■ **Exercise objective**: Count lines, not occurrences: report how many lines in the records hold the string "Apartment", and nothing else.

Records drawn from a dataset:
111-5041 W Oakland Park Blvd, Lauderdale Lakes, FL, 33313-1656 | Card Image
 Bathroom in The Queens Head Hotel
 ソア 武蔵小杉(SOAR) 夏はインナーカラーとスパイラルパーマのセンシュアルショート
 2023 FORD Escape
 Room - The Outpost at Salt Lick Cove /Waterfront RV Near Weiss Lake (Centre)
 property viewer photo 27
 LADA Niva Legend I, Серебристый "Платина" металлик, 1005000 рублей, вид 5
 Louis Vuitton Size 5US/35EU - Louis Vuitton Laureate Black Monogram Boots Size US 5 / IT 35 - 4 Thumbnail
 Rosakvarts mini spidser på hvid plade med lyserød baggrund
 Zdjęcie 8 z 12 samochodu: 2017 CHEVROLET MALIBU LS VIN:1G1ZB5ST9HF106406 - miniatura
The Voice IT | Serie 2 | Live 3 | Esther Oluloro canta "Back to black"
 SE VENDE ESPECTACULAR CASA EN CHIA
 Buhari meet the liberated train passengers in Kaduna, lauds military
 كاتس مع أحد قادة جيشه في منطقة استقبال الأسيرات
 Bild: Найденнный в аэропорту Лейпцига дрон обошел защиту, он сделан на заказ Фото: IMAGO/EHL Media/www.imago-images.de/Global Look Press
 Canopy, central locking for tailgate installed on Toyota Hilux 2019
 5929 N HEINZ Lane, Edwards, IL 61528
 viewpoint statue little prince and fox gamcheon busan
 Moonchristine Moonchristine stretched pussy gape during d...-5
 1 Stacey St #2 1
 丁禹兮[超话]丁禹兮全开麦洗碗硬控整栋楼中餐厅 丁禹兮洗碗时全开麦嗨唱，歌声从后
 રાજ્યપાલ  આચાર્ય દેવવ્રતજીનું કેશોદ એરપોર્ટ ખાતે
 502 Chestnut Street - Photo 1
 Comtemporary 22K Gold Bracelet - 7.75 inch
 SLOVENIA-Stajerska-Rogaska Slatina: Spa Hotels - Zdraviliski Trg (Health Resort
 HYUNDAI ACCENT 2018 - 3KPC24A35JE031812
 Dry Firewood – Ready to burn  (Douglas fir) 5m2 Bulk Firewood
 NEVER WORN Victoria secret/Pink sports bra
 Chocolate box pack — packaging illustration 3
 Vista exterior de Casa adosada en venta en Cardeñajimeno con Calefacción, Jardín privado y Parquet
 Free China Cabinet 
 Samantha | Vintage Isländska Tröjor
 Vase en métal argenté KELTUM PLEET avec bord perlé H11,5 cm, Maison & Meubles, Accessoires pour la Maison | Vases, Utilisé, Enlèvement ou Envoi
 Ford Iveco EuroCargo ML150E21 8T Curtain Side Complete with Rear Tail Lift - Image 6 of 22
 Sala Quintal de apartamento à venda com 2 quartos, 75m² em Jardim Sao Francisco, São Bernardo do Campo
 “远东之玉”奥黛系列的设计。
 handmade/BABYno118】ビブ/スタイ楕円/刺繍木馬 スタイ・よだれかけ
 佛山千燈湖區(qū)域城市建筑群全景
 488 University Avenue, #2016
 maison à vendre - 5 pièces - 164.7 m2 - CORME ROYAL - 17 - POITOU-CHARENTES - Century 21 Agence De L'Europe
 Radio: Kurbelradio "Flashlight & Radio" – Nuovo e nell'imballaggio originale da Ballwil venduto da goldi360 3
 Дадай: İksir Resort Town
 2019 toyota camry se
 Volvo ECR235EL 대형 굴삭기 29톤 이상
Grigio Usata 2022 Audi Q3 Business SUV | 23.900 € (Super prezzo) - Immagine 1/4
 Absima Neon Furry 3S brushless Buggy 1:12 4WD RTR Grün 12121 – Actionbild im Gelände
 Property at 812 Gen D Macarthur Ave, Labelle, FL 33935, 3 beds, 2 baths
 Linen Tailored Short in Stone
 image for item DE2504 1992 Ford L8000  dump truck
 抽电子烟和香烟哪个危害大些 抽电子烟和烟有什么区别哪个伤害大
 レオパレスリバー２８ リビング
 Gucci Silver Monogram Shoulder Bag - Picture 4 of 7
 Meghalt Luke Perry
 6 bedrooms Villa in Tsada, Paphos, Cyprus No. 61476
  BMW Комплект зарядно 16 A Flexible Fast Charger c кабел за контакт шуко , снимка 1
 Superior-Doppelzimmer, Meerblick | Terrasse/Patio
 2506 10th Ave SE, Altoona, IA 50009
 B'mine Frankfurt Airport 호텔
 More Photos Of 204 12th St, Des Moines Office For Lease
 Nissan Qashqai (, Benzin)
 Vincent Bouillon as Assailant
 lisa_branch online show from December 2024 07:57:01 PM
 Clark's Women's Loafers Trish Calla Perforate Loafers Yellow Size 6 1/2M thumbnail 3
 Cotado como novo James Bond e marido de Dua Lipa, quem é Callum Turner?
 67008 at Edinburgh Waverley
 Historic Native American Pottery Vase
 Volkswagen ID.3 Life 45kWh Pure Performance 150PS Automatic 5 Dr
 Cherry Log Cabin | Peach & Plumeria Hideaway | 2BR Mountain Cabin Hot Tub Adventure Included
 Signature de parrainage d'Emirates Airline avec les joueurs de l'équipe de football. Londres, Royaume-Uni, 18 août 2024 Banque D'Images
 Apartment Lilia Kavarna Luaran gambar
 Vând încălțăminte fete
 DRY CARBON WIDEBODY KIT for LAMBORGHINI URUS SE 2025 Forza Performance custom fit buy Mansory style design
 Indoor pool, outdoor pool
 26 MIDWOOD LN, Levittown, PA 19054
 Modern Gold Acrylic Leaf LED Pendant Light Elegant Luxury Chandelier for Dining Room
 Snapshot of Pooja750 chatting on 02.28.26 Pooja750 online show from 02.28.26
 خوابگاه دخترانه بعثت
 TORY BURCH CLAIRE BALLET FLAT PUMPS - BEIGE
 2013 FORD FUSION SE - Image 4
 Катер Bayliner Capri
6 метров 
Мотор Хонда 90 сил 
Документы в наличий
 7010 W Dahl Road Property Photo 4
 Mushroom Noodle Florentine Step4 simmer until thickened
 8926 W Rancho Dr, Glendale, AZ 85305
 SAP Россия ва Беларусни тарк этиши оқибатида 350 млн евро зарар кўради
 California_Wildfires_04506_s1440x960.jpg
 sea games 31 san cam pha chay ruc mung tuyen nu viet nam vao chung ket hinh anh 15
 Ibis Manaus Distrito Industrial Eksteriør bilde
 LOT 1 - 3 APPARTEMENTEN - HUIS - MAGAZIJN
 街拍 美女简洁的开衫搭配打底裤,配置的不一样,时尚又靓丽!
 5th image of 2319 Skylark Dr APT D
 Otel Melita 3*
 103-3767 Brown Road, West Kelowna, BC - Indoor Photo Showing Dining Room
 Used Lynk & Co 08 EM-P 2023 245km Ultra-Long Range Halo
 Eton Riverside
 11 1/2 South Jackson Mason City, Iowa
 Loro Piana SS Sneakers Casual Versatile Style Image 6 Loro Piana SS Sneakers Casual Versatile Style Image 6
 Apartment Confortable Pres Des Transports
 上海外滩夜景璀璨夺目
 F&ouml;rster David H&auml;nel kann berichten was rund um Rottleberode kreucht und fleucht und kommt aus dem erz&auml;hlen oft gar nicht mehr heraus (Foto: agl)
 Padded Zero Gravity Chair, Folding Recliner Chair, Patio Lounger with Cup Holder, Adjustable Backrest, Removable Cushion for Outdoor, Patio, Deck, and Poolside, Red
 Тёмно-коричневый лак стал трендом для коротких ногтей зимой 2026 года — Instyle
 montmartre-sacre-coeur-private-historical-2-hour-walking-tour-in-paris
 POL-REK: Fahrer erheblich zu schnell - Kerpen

■ **Task result**: 2